46:05 We can just, if it's too big for memory, you can put it in one of those things, you can

46:08 query, you can index it.

46:09 Well, DuckDB just hit 1.0 and you kind of got this in-memory, in-process analytics engine.

46:15 So that's also a pretty interesting thing to weave in here, right?

46:18 To say like, well, we'll put it there in that file and we can index it and ask it questions,

46:22 but we won't run out of memory.

46:23 And I think plug in pandas, I'm not sure about polars, and do queries with its query optimizer

46:28 against that data and sort of things like that.

46:31 It's pretty interesting, I think, in this to put it into that space as well.

46:35 All right, Carol, I think it's time for your second, your second trend here.

46:39 The second trend is pretty much, you know, things are moving to the front end, WebAssembly,

46:46 TypeScript, PyOdide.

46:48 There's a new project, PyCafe, that I'm pretty happy with by Martin Brettles that lets you

46:54 do dashboards using Pyodide, but like Streamlit and Plotly and libraries and things like that.
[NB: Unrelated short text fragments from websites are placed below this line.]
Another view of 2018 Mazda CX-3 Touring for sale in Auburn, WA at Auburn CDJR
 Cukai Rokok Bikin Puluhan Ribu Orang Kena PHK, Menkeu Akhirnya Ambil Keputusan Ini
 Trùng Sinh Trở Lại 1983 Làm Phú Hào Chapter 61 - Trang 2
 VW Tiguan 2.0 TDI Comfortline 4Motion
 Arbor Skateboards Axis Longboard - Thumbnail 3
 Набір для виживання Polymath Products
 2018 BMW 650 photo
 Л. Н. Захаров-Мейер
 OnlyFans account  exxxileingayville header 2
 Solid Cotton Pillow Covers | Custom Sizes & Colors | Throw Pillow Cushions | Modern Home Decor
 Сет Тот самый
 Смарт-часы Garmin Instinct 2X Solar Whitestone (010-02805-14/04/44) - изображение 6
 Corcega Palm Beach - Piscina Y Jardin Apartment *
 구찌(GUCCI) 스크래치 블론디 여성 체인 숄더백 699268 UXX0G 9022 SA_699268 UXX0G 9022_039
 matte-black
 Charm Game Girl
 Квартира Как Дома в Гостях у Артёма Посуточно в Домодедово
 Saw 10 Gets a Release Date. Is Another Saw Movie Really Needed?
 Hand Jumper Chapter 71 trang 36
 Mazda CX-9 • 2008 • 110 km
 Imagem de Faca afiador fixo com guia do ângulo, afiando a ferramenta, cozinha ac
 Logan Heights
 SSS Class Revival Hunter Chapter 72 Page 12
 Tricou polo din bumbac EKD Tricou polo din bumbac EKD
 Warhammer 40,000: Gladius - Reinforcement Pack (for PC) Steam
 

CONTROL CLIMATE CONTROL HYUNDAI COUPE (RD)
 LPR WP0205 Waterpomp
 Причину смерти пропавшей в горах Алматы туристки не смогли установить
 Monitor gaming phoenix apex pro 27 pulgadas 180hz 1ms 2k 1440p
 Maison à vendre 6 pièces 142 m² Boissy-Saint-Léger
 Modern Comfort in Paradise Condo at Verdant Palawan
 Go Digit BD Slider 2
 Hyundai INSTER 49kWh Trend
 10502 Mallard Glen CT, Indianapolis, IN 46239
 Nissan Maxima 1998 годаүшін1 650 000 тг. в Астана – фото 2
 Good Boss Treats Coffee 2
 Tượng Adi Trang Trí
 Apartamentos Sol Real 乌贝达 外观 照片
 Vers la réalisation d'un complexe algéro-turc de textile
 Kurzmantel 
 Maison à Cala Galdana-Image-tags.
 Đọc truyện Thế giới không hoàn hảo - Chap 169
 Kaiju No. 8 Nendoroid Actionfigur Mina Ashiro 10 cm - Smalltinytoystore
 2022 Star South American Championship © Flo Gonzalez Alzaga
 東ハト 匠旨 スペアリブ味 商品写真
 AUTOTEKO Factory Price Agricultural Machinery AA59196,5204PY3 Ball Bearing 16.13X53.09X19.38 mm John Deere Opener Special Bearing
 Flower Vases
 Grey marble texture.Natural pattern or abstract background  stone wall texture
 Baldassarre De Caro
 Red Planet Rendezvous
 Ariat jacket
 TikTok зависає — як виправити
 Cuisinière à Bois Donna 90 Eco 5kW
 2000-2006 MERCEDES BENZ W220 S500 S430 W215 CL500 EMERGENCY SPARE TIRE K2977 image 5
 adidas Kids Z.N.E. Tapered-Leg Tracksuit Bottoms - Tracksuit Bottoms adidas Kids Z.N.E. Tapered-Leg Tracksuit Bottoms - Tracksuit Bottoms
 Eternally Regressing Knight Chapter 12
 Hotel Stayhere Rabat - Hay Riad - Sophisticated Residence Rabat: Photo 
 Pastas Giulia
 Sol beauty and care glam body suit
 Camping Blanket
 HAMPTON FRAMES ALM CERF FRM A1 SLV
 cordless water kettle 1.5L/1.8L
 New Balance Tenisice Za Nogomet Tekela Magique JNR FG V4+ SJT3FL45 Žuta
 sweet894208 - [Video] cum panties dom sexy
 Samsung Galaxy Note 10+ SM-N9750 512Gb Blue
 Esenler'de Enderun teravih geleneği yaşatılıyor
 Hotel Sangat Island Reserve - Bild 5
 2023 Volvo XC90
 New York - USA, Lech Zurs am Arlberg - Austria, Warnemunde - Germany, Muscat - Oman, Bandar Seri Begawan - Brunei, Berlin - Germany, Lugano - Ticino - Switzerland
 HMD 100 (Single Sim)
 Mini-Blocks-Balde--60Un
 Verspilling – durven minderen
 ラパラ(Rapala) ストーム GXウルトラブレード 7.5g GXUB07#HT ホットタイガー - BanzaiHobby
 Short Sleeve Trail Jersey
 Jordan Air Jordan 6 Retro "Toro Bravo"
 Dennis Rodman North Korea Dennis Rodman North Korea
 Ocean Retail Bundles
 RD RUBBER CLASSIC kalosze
47:03 And I think making things more accessible, as well as making things more visual is pretty

47:10 cool.

47:11 Like I took, what was it, JupyterLite earlier last fall, and a friend of mine had kids and

47:17 I integrated into my website so that like her kids could just do a quick whatever, which

47:23 sort of, you know, in some ways was similar to Binder.

47:27 And the whole time we were developing Binder, I was also working with the Pyodide, Iodide

47:33 folks because I think there's a convergence down the road and where it all go, I'm not

47:38 really sure, but I think it's exciting.

47:42 And I think anything that from a privacy standpoint, security, there's a lot of things that are

47:49 very attractive about pushing things into the front end.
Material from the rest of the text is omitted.